Thanks for coming, thanks to the conference organisers, thanks to the RSE team at Sheffield, Paul Richmond in particular.
About me
Bob Turner
Mix of software engineering and research experience.
RSE at Sheffield
RSE
13 RSEs, 35 projects / year worth ~£11m total
Why survey?
Improve our practise and procedures.
Prioritise our resources.
Data-driven advocacy.
I’m scared of surveys
Ryanair
from “The Art of Statistics: Learning from Data, David Spiegelhalter, 2020 paperback”
Reasoning
Inductive inference
from “The Art of Statistics: Learning from Data, David Spiegelhalter, 2020 paperback”
The Survey
Based on surveys carried out nationally in 2014 and at the University of Southampton in 2019, led by Simon Hettrick.
Asked about “demographics”, use and development of software, training and funding.
Analysis
Generally, “non responses” to optional (O) questions were ignored. Mandatory questions are marked (M).
Data anonymised manually.
Cleaned and annotated using Python scripts (with some manual decisions).
Plotted charts using Jupyter notebook.
Presentation and report written in markdown.
Outputs built using pandoc / GitHub actions.
Sample characteristics
This survey went to all PhD students and research staff with a prize incentive.
382 respondents.
A 2019 Southampton survey went to “all staff employed on an ERE contract (Education, Research and Enterprise) and all PhD students” with a prize incentive.
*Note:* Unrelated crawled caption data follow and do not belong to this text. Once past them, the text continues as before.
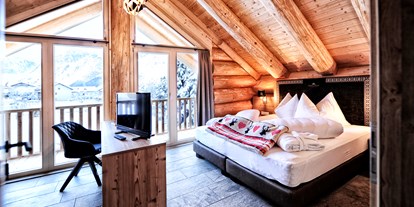 Hüttendorf - zustellbares Kinderbett - Tiroler Oberland - Summit Lodges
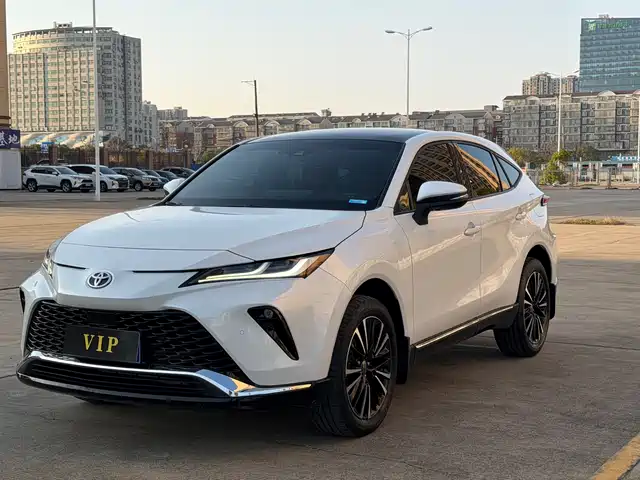 Toyota Wei Sa Vesa 2022 2.0l Cvt Two-Wheel Drive Premium Version — фото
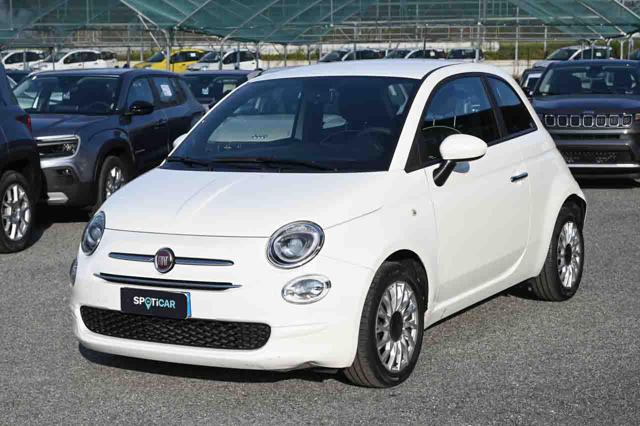 FIAT 500 usata, con ABS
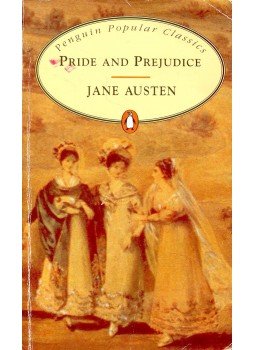 Jane Austen - Pride and Prejudice Jane Austen - Pride and Prejudice, null 1994 antikvár könyv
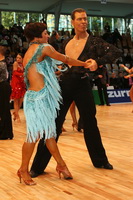Hendrik Benninger & Eva Svobodova at 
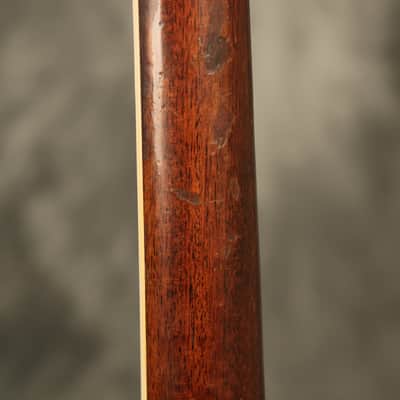 1957 Gibson Country Western SJN Natural acoustic flattop image 16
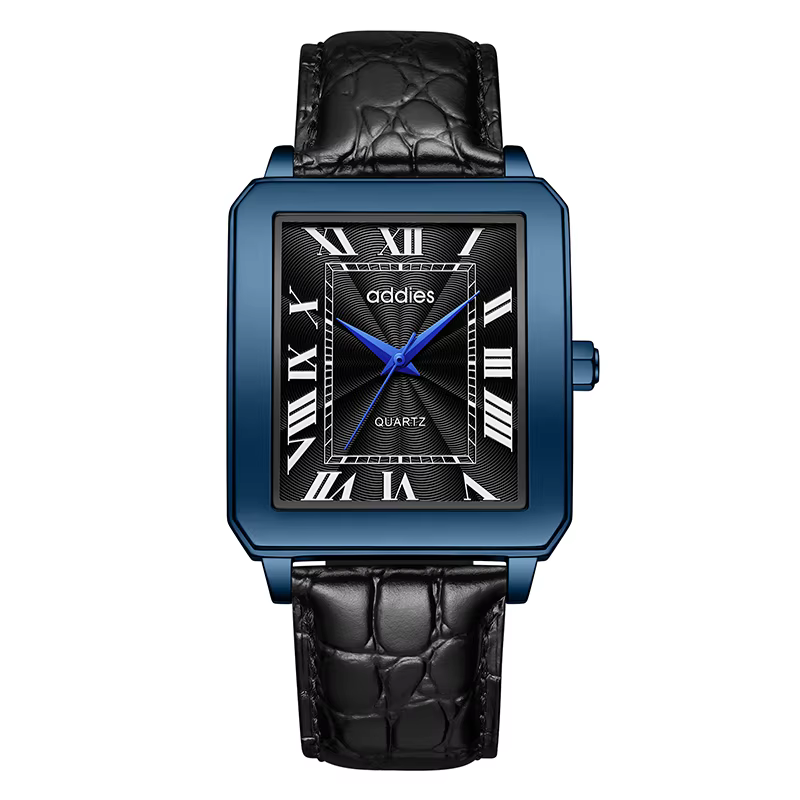 Montres-bracelets de luxe étanches pour hommes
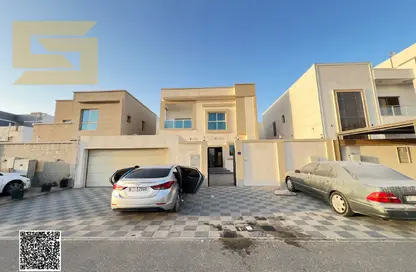Villa - 4 Bedrooms - 6 Bathrooms for rent in Al Zaheya Gardens - Al Zahya - Ajman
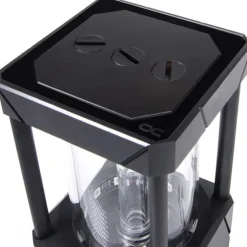 Alphacool Eisbecher Aurora D5 Acetal/Glas - 150mm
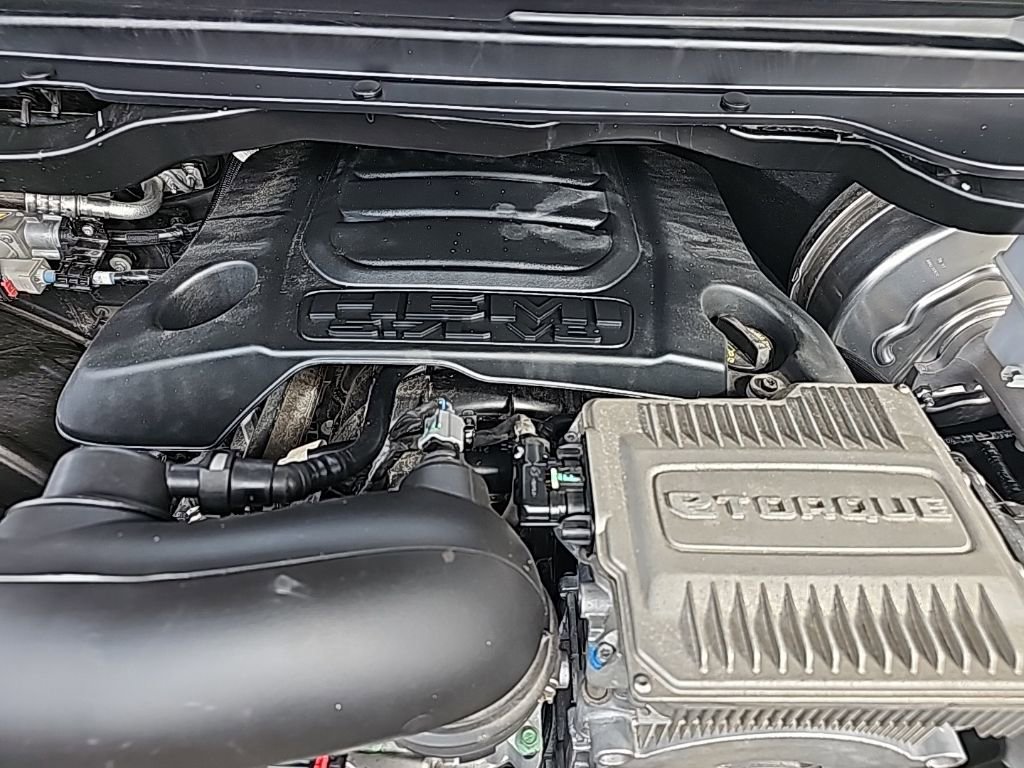 Certified 2022 RAM 1500 Laramie image 39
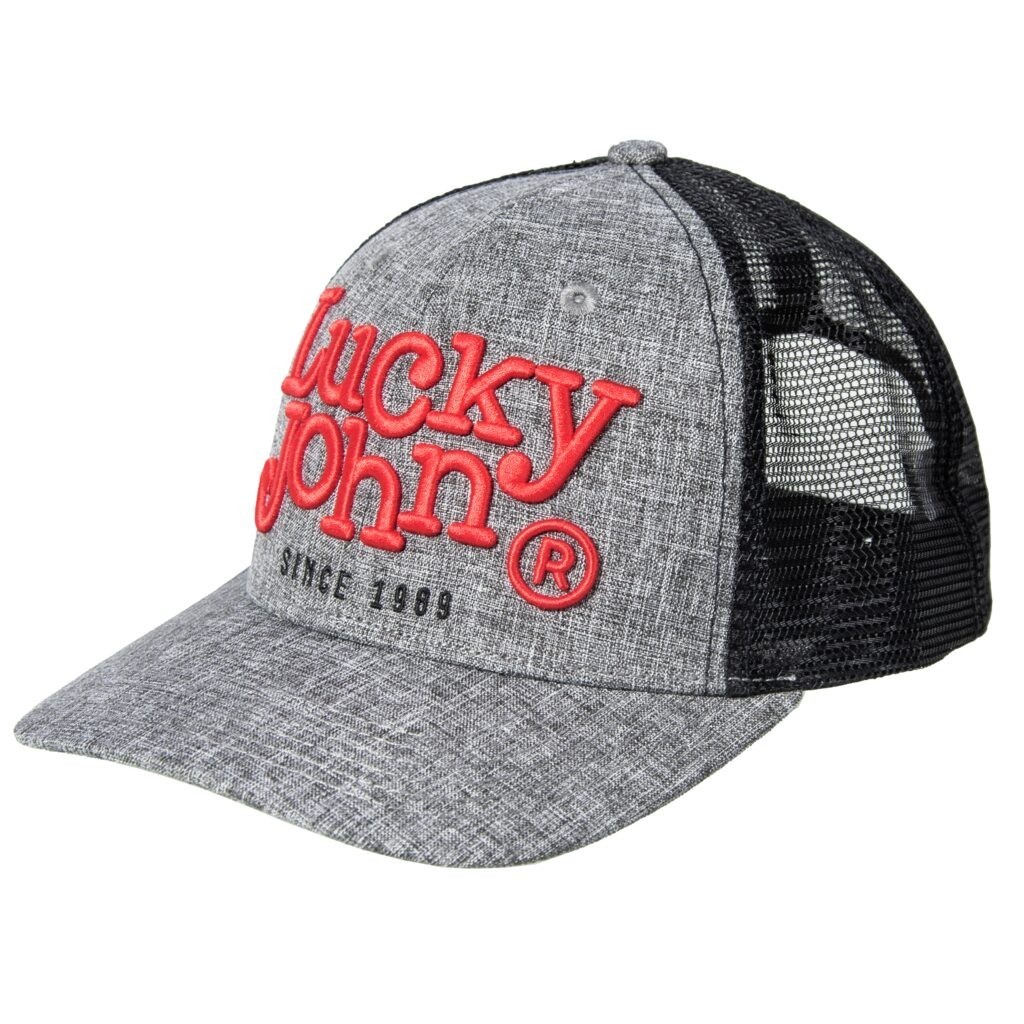 Kepurėlė Lucky John GRM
As surveys were sent out on a faculty by faculty basis, it was possible to report a response rate of between 8% and 11% for all faculties.
2014 national survey - it is not clear what sampling strategy was used.
Faculty
In which faculty are you based? (M)
Funders
Which organisations usually fund your research? (O)
Job
What is your job title? (O)
Importance of research software
Do you use research software? (M)
How important is research software to your work? (M)
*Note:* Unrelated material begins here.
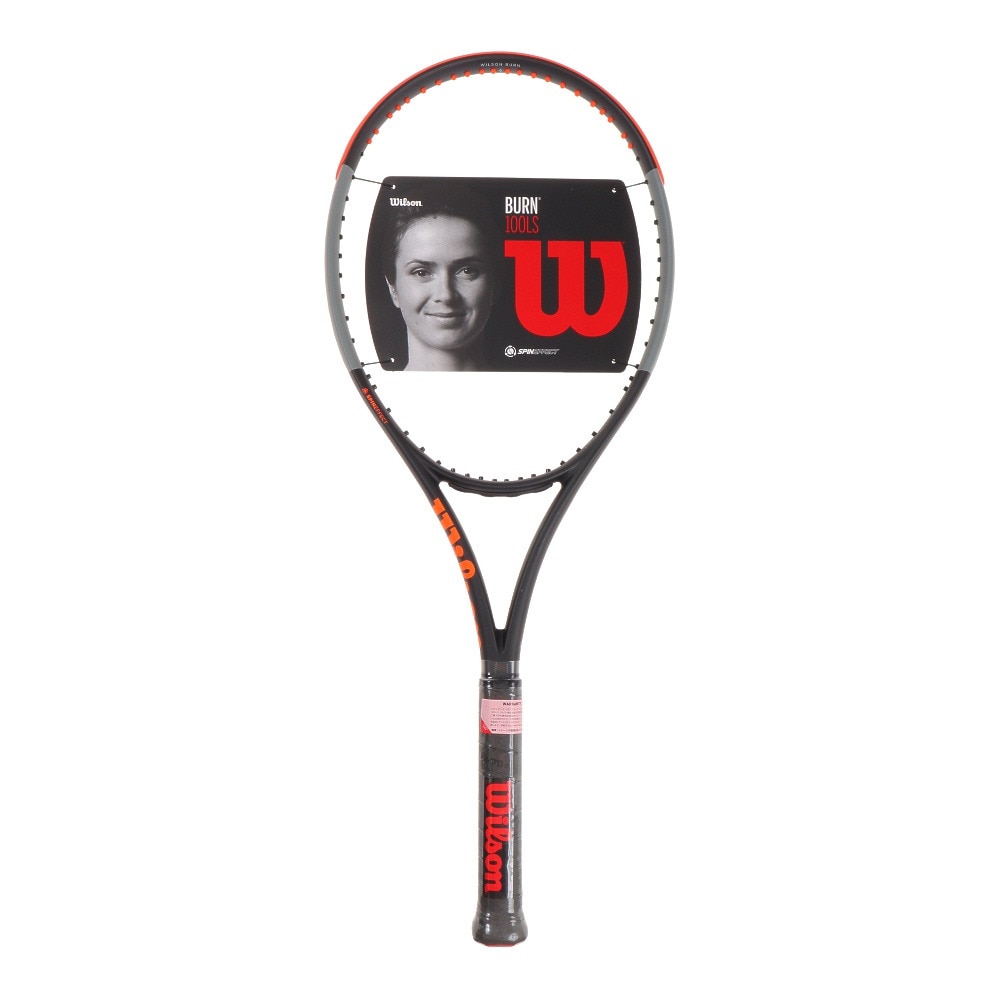 ウィルソン BURN 100LS V4.0 WR044911 (テニスラケット) 価格比較 
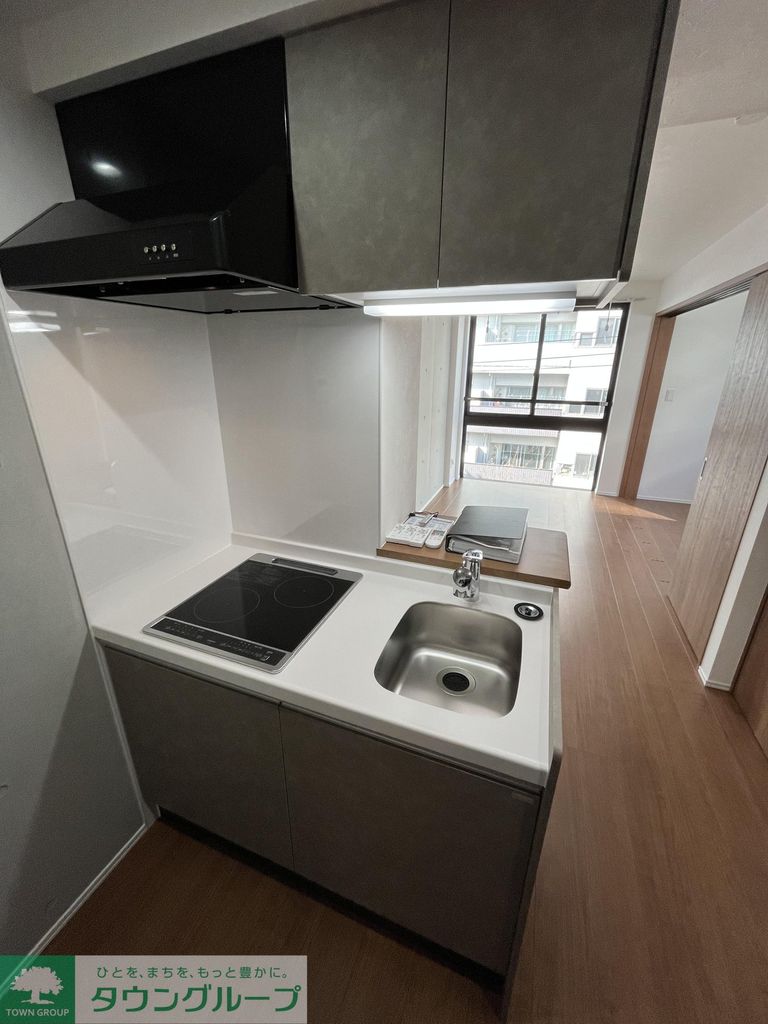 キッチン　キッチン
1 “Not at all” , to 5 “Vital”
Software development practise
Have you developed your own research software? (M)
Software Importance
91% of respondents use research software (92% nationally ).
65% report that software is vital to their research (nationally, 69% report that “It would not be practical to conduct my work without software”).
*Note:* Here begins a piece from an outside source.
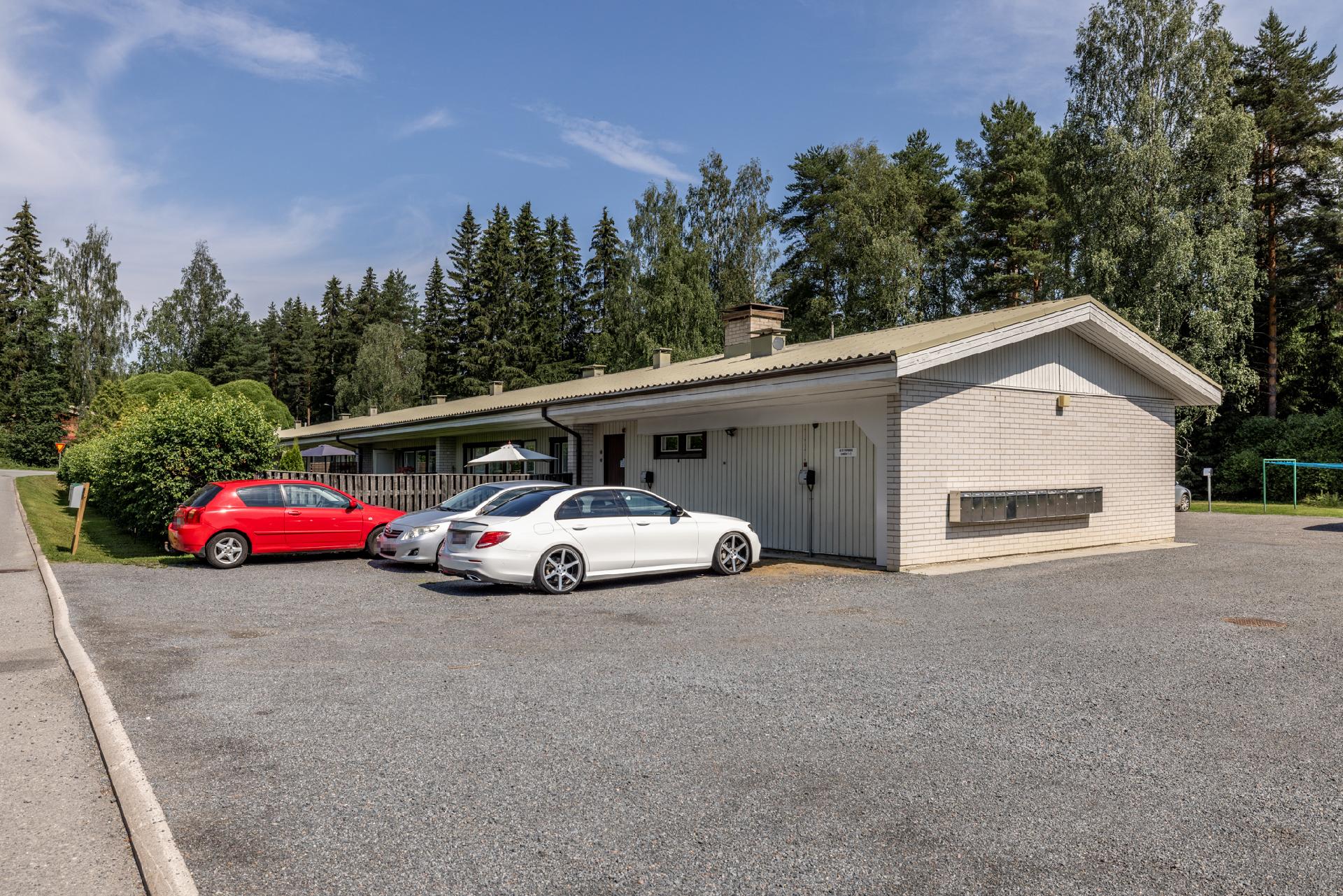 Lenkkitie 1, Rantakylä, Mikkeli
27% develop their own code (56% nationally , 33% Southampton ).
Sufficiency of training
Do you feel that you have received sufficient training to develop reliable software? (O)
Awareness around key skills
Version control (O)
Continuous integration (O)
Unit testing (O)
Current level of support
How would you rate the university’s current level of support for your software-development needs? (O)
1: “poor” to 5: “excellent”
Training
69% (of the 27% subset who responded to this question) feel they have not had sufficient training to develop reliable software.
Current level of support for software development is questionable.
Funding for Software Development
Have you ever included costs for software development in a funding proposal? (excluding those who not involved in writing funding proposals) (M)
Funding
Of the 54% of respondents who are involved with writing funding proposals, 45% expected to write software as part of the proposal.
Of those who expected to write software, 40% did not request funding for this (compared to 20%, nationally ).
Staffing of software development
Hire a full-time software developer (M)
Have you or someone in your group ever hired someone specifically to develop software? (M)
Hiring practise
Recruit a developer (or fractional FTE equivalent of a developer) from a central University of Sheffield pool as needed (O)
Staffing
Pool RSE model seems preferable to hiring on a per-project basis
Some respondents see pool RSE model as unfavourable
Licensing and commercialisation
Would you be interested in the university helping you commercialise some of your research software? (O)
Do you feel that your research software is ready to be shared with a commercial partner? (M)
Actions (1)
Provide training / support to increase researcher confidence with version control, continuous integration and unit testing.
Investigate why 69% of respondents feel they have not had sufficient training. What training is needed? How much?
Investigate why participants responded as they did to a question about level of support for software development.
Actions (2)
Provide additional support to researchers to make research software outputs not intended for commercialisation freely available.
Discover if any action can be taken to help researchers who would like to use University of Sheffield HPC but don’t currently use to do so.
Advocate for researchers to include costs for software development in their funding applications.
Future work (Final Slide)
Can we say if responses are different for different funders, research subjects using subgroup analysis?
Does the national / international picture need to be revisited?